Un discours de combat

Messieurs, comme vous tous, j'ai tenu dans mes mains ces journaux, ces brochures, ces pamphlets impérialistes ou césaristes, comme on dit aujourd'hui. Une idée me frappe, et il m'est impossible de ne pas la commmuniquer à l'Assemblée. (Agitation, l'orateur poursuit :) Oui, il m'est impossible de ne pas la laisser déborder devant cette Assemblée. Que dirait ce soldat, ce grand soldat de la France, qui est couché là, aux Invalides, et à l'ombre duquel on s'abrite, et dont on invoque si souvent et si étrangement le nom ; que dirait ce Napoléon, qui, parmi tant de combats prodigieux, est allé, à huit cents lieues de Paris, provoquer la vieille barbarie moscovite à ce grand duel de 1812 ? Que dirait ce sublime esprit, qui n'entrevoyait qu'avec horreur la possibilité d'une Europe cosaque, et qui, certes, quels que fussent ses instincts d'autorité, lui préférait l'Europe républicaine ; que dirait-il, lui ! si, du fond de son tombeau, il pouvait voir que son empire, son glorieux et belliqueux empire, a aujourd'hui pour panégyristes, pour apologistes, pour théoriciens et pour reconstructeurs, qui ? des hommes qui, dans notre époque rayonnante et libre, se tournent vers le Nord avec un désespoir qui serait risible, s'il n'était monstrueux ? des hommes qui, à chaque fois qu'ils nous entendent prononcer les mots démocratie, liberté, humanité, progrès, se couchent à plat ventre avec terreur et se collent l'oreille contre terre pour écouter s'ils n'entendront pas enfin venir le canon russe !
(Longs applaudissements à gauche. Clameurs à droite. — Toute la droite se lève et couvre de ses cris les dernières paroles de l'orateur. À l'ordre ! à l'ordre ! à l'ordre !
Plusieurs ministres se lèvent sur leurs bancs et protestent avec vivacité contre les paroles de l'orateur. — Le tumulte va croissant. — Des apostrophes violentes sont lancées à l'orateur par un grand nombre des membres.  — MM. Bineau, le général Gourgaud et plusieurs autres représentants siégeant sur les premiers bancs de la droite se font remarquer par leur animation.
)

    « Révision de la constitution », discours à l'Assemblée nationale le 17 juillet 1851, Actes et Paroles I, Robert Laffont, coll. Bouquins, vol. Politique, p. 292.
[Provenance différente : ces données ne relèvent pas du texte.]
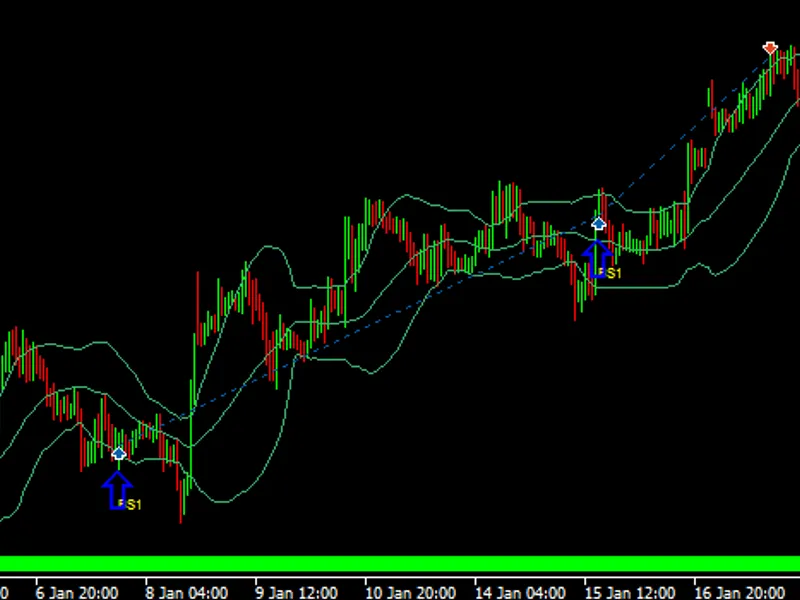 Avg Daily Range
Louis Bonaparte avait été élu Président de la République le 10 décembre 1848. Peu à peu, de crise en crise et à travers des lois de restriction sur le suffrage universel ou sur la liberté de la presse, le parti monarchique, royalistes et bonapartistes réunis, tisse sa toile. En juillet 1851, l'Assemblée délibère sur la révison de la constitution qui permettrait au Prince-Président d'être réélu en 1852. Faute d'avoir réuni les deux tiers des suffrages, le projet échoua. On sait ce qui s'ensuivit : le coup d'État du 2 décembre 1851.
Dans le débat, Victor Hugo prit la parole le 17 juillet. Ce fut un long discours, haché d'interruptions et d'incidents.
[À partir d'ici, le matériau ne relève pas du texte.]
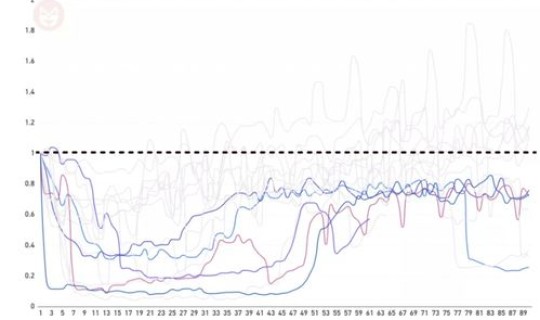 大连最新疫情总计？大连几次疫情了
La stratégie était simple et audacieuse : puisque Louis-Napoléon Bonaparte se réclamait du glorieux Empire, il fallait opposer l'oncle au neveu, élever la geste de l'un pour abaisser les prétentions de l'autre. Et c'est ainsi que, quelques instants avant le moment qui nous occupe, l'orateur avait lancé la formule destinée à une certaine fortune : « Quoi ! après Auguste, Augustule ! Quoi ! parce que nous avons eu Napoléon le Grand, il faut que nous ayons Napoléon le Petit ! » La tactique était celle de la provocation, et le tumulte avait été, selon les rédacteurs du Moniteur, « inexprimable ».
Maintenant, sous l'apparence d'une improvisation et sous le prétexte des libelles plus ou moins inspirés par l'Élysée — dont quelques-uns peut-être, en effet, en appelaient au tsar contre les désordres de la République —, l'orateur s'en prend au parti de l'ordre et à cette propension qu'il montre à se tourner vers l'ennemi.
L'image qui fait mal, et dans laquelle les bancs de la droite se reconnurent avec fureur : celle qui conjugue la peur de la démocratie et le recours à la dictature, le vœu d'un malheur national et l'adoration des barbares, pour peu que ceux-ci puissent favoriser l'écrasement de la République.

À cet instant, Victor Hugo ne se doutait pas que, vingt ans plus tard, le canon prussien et une défaite inouïe — certes amèrement déplorée par lui — le ramèneraient en France puis à la tribune d'une Assemblée dominée par un parti de l'ordre avide d'entériner une paix honteuse et profitable. Encore moins pouvait-il prévoir que, en 1940, un écrivain français imbu de raison et de royauté, Charles Maurras, saluerait la « divine surprise » qu'une barbarie triomphante procurait, en la personne du maréchal Pétain, au parti increvable de l'ordre à tout prix.